### [TASK DIRECTIONS]
The material below includes pictures; leave them out and return only the lines between the line containing "Spodenki damskie - Damskie" and the line containing "St John's House Rugby Shirt", inclusive, word for word.

### [RECORDS TO USE]
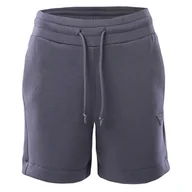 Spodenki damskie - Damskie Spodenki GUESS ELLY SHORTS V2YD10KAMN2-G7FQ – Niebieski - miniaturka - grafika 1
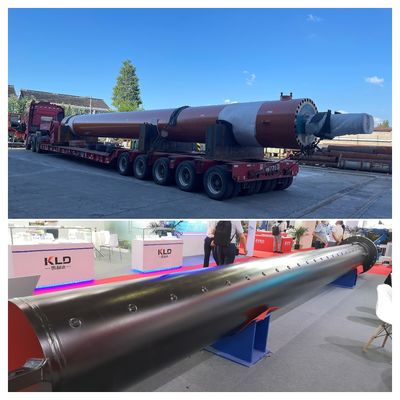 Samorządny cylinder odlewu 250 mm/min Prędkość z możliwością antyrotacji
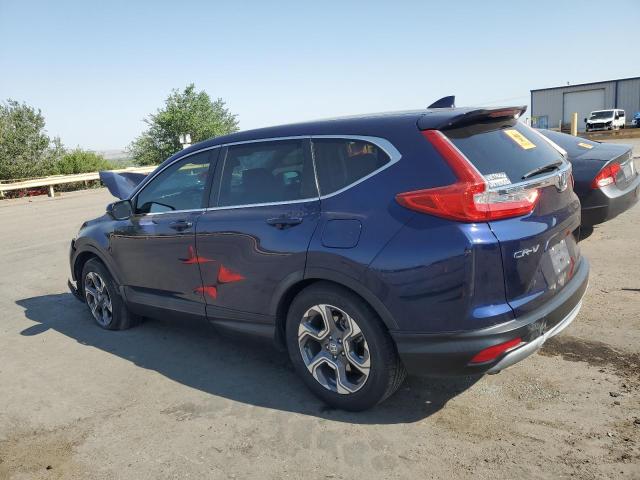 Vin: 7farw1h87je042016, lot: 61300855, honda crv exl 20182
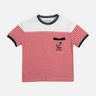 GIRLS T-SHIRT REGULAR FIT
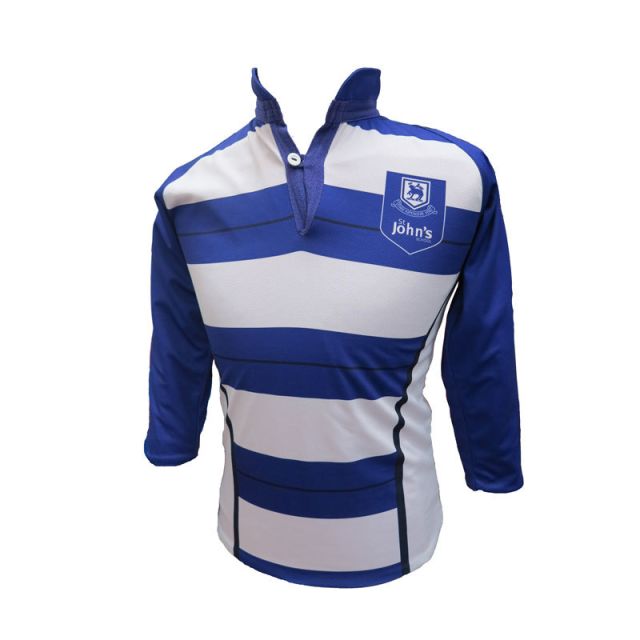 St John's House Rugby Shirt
==
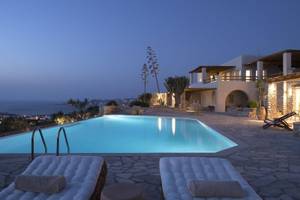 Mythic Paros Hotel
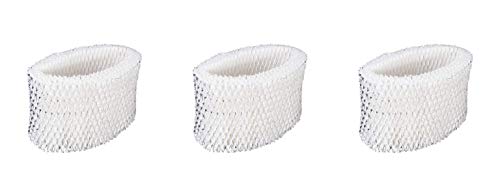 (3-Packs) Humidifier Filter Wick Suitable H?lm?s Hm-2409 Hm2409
---
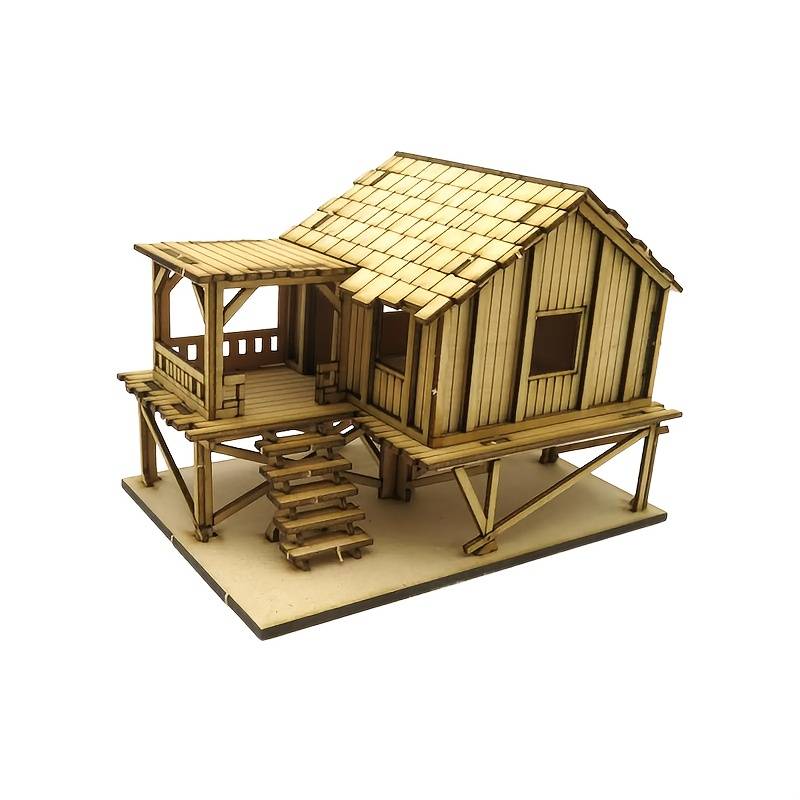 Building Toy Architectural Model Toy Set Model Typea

### [SOLUTION TO THIS EXERCISE]
 Spodenki damskie - Damskie Spodenki GUESS ELLY SHORTS V2YD10KAMN2-G7FQ – Niebieski - miniaturka - grafika 1
 Samorządny cylinder odlewu 250 mm/min Prędkość z możliwością antyrotacji
 Vin: 7farw1h87je042016, lot: 61300855, honda crv exl 20182
 GIRLS T-SHIRT REGULAR FIT
 St John's House Rugby Shirt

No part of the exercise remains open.